Weekly claims will fall between nonfarm reference periods and offer no material information to tomorrow’s nonfarm call (8:30amET). Having said that, it's for last week, and so be careful with any potential mischief from the Easter Bunny! Again, Good Friday landed earlier than normal and so that could mess with SA factors by artificially depressing claims given one day less to file them.
Canadian and US trade
February’s Canadian readings could help to further inform Q1 GDP growth tracking (8:30amET). Net trade is tracking a modest contribution to growth (chart 3), but not for great reasons as import volumes are tracking a slightly bigger decline than export volumes (ie: a net reduction of the import leakage effect from GDP). That’s only based on January and Q4 and so February figures will add to our understanding.
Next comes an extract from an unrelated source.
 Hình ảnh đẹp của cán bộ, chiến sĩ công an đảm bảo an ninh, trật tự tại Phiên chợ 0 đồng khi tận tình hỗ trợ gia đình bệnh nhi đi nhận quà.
The US trade figures (8:30amET) won’t matter much since we already know that the merchandise deficit widened a little to -US$91.8 from $90.5 billion (barring big revisions) to which a usually stable services balance is added. Fed-speak will continue to drone on. I’m hopeful that some of the regional presidents will push the arguments more than Powell did today. We’ll hear from Philly’s Harker, Richmond’s Barkin, Chicago’s Goolsbee, Cleveland’s Mester and Minneapolis President Kashkari all between about 10am–2pmET.